I am a believer in the power of “media 2.0” (or whatever name you happen to like calling it). I really enjoyed reading All Software Should Be Social – it really hit home with me in terms of thinking about how to create a more personal approach to really anything. This quote really made sense to me:
Since reading that, I can barely use software that doesn’t have other people in it. I want profiles and faces and connections. I want to see what others are doing with the software. I want to connect and be connected.
I believe we need to take a similar approach with respect to how we protect information (practice security). When we call it “security”, it feels sterile, cold and heavily focused on technology. As a result, I think we have ironically made it easier for others to simply declare security “not their problem” and move along. They wait for someone else to help – without the need of having to take personal responsibility.

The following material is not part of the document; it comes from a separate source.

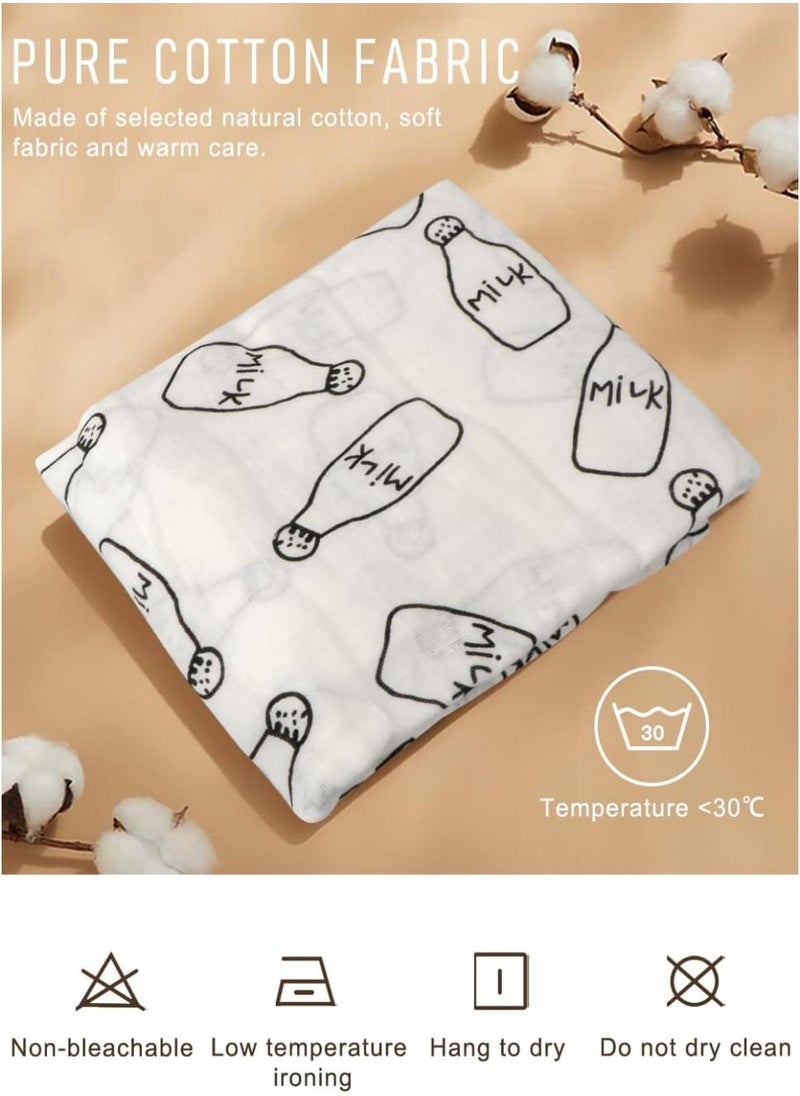 Bebiland 3 Packs Baby Swaddle Blanket,New Born Baby Clothes,Large Premium Knit Baby Burp Cloth Muslin Baby Blankets for Girls & Boys  - Image 4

So I ponder – what if we leveraged the power of social media, media 2.0, web 2.0, or whatever you like to call it – and focus on the success. Rather than focusing on the specific technologies (RoR, ajax, etc.), what if we focused on design, ease-of-use and the ability to connect our concepts to people in a way they understand. What if we did this in a way that makes the protection of information personal again? I bet we start to see less breaches, people happier and we make a difference.
This is why the initial framework I proposed was called “security 2.0” – but it’s getting a new name and I’m about to announce a project to involve others in defining what the future of our practice of security looks like. I’m really excited about the future of what we do – and am working on some plans to help make this easier for us to be successful!